That holds true in the arts and humanities as well as the sciences. “Thousands of valuable older texts by subspecialty writers are no longer available in print,” says Lois Leveen, visiting assistant professor of English and humanities, “but my students can access them in digitized form on the web.” For Leveen’s course on abolitionist literature, for example, her students can visit a site containing every known slave narrative.

There are advantages to digitized text, she notes: “One of my students wrote a paper on the cloud metaphor in a book by Harriet Jacobs, and was able to run a search of every time the word ‘cloud’ appeared in the text. Given enough time, he could have addressed it by rereading the whole book, but I certainly wouldn’t have expected that.”

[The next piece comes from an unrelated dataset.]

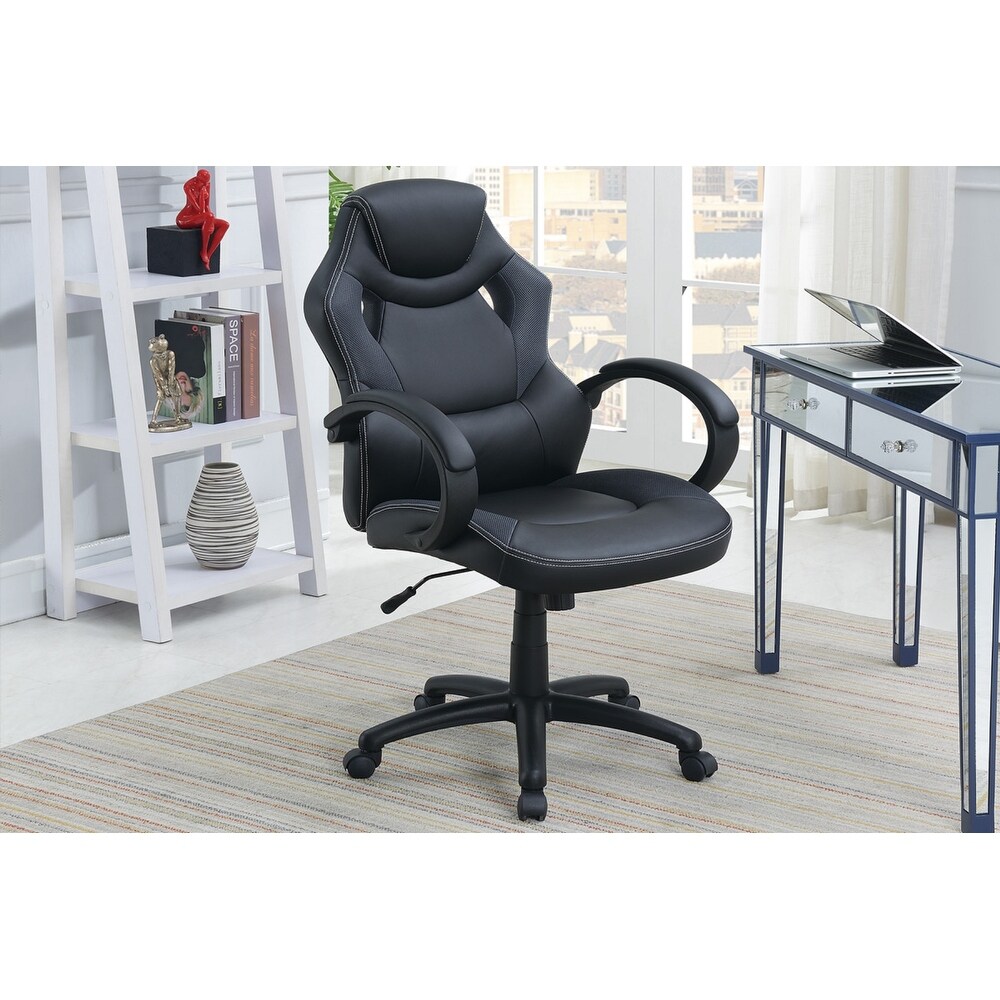 Office Chair Upholstered 1pc Cushioned Comfort Chair Relax Gaming Office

Since about the mid-1990s, the web has become a powerful tool for the Reed faculty, Colgrove says. “Before that time, the big emphasis in educational technology was on canned courseware packages,” she says. Some departments tried them; for example, computer-assisted mechanics experiments from the Tools for Scientific Thinking curriculum were used in Physics 100 in 1992. But off-the-shelf programs were never a hit at Reed.

library at night

Then the web began to mature as an educational resource. “The Reed faculty started posting course materials and making them richer by linking students to other resources, such as the huge data banks in government,” Colgrove says. “Sociology students might access census data for analysis, chemistry students might link to data that could be used for molecular modeling.”

The Reed library is a key player in this trend, she adds. “It is a repository of electronic resources across all disciplines. Our librarians work closely with faculty members to help them develop their syllabi and become familiar with the resources available online.”

Leveen pulls up images from the web to enliven her students’ study of literature. A story about a Japanese American woman in the period after World War II, a time of intense anti-Asian prejudice, came alive as the students viewed Look and Life magazine articles from the period describing how to tell “good Chinese from bad Japs.”

Leveen has even experimented with having her students design a website in lieu of writing a paper. “They have to be strong writers, and traditional papers are important for that. I wouldn’t assign a website in every class,” she says. “But I believe web design promotes a different kind of thinking, about synthesis as well as analysis. You’re making cognitive links from one idea to another.”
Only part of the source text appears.